Inference Issue #4

rahulhanotDTU · 2023-06-10T13:40:10Z

This issue is coming during inference phase of this model for every image

File "/home/mepluser1/rahul_hanot/try_new/DocDiff/model/DocDiff.py", line 315, in forward
x = torch.cat((x, s), dim=1)
RuntimeError: Sizes of tensors must match except in dimension 1. Expected size 76 but got size 75 for tensor number 1 in the list.
I

Royalvice · 2023-06-10T13:44:20Z

Hello, as mentioned in Guide in README.EN.md, please make sure that the width and height of the input image are both multiples of 8. If not, please pad. Hope helpful.
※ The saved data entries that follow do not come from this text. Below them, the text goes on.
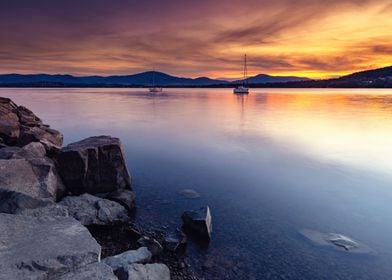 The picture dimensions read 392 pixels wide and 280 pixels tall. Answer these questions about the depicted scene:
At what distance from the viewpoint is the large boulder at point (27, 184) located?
23.6ft

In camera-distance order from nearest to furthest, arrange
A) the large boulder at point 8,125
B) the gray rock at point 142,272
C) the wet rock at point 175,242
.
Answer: the gray rock at point 142,272, the wet rock at point 175,242, the large boulder at point 8,125

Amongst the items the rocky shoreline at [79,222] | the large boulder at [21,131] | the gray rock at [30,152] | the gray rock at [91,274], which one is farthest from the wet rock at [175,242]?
the large boulder at [21,131]

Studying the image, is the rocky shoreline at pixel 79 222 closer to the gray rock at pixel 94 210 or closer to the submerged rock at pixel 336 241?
the gray rock at pixel 94 210

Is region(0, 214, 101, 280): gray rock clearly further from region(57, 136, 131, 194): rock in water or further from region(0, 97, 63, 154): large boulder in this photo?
region(0, 97, 63, 154): large boulder

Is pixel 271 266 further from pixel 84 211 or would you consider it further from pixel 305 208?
pixel 84 211

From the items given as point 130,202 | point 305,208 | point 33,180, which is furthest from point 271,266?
point 33,180

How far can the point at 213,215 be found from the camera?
34.6 ft

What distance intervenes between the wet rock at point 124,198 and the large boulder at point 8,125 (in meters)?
8.68

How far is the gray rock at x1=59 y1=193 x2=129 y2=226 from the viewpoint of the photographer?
29.9 feet

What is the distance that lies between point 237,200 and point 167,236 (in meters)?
4.15

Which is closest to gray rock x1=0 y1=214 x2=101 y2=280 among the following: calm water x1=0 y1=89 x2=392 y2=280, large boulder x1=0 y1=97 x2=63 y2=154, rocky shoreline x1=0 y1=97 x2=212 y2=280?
rocky shoreline x1=0 y1=97 x2=212 y2=280

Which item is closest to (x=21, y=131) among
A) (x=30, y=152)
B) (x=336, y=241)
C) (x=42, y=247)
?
(x=30, y=152)

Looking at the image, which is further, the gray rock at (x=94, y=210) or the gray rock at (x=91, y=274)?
the gray rock at (x=94, y=210)

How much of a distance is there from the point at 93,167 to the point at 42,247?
613 cm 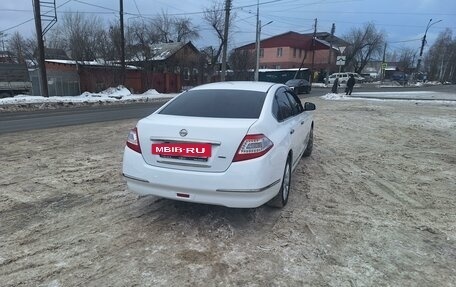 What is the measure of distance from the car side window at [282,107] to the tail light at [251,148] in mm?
825

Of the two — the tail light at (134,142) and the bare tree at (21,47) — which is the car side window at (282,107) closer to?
the tail light at (134,142)

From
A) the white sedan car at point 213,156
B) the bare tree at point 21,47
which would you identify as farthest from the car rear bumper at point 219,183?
the bare tree at point 21,47

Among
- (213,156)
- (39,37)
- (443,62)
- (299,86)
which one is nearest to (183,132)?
(213,156)

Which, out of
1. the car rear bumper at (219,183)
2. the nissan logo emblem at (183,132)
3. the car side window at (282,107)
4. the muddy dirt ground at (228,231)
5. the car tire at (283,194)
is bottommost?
the muddy dirt ground at (228,231)

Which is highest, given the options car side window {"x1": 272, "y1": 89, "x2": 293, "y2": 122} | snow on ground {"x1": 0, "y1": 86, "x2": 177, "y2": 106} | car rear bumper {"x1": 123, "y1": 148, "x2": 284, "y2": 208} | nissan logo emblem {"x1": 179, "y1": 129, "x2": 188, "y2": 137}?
car side window {"x1": 272, "y1": 89, "x2": 293, "y2": 122}

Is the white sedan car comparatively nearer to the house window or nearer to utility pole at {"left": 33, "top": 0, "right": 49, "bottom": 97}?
utility pole at {"left": 33, "top": 0, "right": 49, "bottom": 97}

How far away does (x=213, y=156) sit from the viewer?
3.81m

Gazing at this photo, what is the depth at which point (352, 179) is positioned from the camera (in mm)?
6102

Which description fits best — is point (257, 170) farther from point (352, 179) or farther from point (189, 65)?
point (189, 65)

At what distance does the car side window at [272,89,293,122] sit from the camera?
15.5ft

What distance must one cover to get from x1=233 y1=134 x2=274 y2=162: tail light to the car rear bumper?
5cm

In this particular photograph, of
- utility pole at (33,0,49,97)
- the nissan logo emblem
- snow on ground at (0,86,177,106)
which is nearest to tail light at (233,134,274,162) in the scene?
the nissan logo emblem

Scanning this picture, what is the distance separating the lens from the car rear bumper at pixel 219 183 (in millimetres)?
3777

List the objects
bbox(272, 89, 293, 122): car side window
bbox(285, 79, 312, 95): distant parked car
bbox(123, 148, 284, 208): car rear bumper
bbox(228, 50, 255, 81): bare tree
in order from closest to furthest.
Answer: bbox(123, 148, 284, 208): car rear bumper → bbox(272, 89, 293, 122): car side window → bbox(285, 79, 312, 95): distant parked car → bbox(228, 50, 255, 81): bare tree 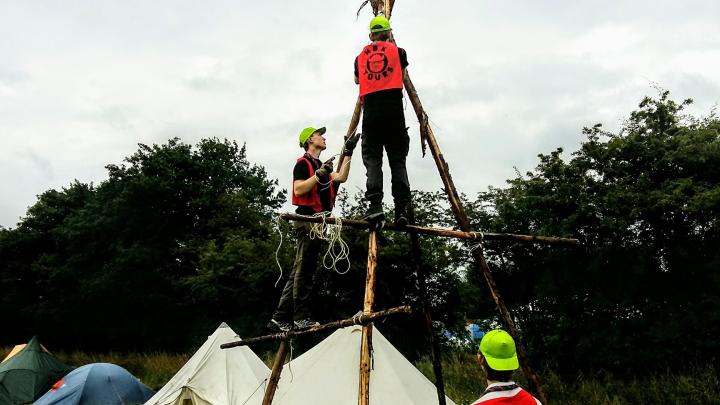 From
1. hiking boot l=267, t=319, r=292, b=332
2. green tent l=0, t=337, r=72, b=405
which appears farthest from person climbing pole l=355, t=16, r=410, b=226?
green tent l=0, t=337, r=72, b=405

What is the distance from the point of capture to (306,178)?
15.5ft

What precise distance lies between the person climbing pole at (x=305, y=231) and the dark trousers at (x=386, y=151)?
0.36 metres

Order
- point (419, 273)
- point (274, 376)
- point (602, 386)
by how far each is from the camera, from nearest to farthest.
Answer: point (274, 376)
point (419, 273)
point (602, 386)

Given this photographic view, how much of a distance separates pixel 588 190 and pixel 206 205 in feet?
65.5

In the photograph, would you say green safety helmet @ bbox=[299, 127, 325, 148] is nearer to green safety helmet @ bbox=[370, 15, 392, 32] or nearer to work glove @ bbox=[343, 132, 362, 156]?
work glove @ bbox=[343, 132, 362, 156]

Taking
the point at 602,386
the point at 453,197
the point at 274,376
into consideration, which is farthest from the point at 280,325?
the point at 602,386

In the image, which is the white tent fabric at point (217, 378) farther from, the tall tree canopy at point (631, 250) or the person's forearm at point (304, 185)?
the person's forearm at point (304, 185)

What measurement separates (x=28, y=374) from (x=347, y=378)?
13209mm

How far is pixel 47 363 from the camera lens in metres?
16.1

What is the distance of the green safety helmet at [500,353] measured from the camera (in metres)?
3.20

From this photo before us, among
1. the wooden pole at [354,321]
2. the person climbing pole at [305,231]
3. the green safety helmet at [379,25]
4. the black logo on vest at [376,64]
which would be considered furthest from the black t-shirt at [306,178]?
the green safety helmet at [379,25]

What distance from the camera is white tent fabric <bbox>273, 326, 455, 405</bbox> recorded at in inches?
257

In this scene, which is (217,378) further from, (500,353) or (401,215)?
(500,353)

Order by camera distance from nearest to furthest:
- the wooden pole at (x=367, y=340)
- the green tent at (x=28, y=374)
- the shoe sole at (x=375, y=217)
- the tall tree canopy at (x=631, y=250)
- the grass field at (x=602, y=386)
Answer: the wooden pole at (x=367, y=340), the shoe sole at (x=375, y=217), the grass field at (x=602, y=386), the tall tree canopy at (x=631, y=250), the green tent at (x=28, y=374)
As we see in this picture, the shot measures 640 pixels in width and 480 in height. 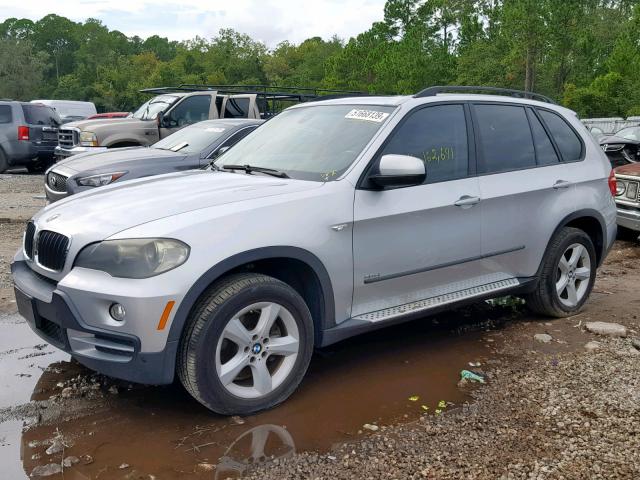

rahulhanotDTU · 2023-06-12T06:00:00Z

Can we use DPM solver true for inference for better results as we are not getting good results as mentioned in your paper also can you tell me how many steps the model is trained and whose pre-trained model weighs are provided in the Git repo

Royalvice · 2023-06-12T07:30:33Z

Our DocDiff model was trained with 100 time steps. Using DPM solver does not improve the results. Currently, we have not uploaded the jump-step sampling based on DDIM (but you can modify it based on the paper; just save x_0 for each step in the sampling process). Hence, please use 100 steps for inference, otherwise it may result in strange outputs due to the incompatibility between noise intensity and T. As for not getting the expected results as described in the paper, we suspect that it might be caused by input data. We will upload some demo images and inference demo notebooks soon for easy result reproduction. If you still cannot obtain the desired results, you can download the deblurring dataset from http://www.fit.vutbr.cz/~ihradis/CNN-Deblur/ and simply split the images into original and ground truth at 128*128 resolution with a batchsize of 32 for training (or train on your own datasets). This only requires 12GB GPU memory and takes only one and a half days to iterate for 1 million steps on a 3090 GPU. We hope this helps.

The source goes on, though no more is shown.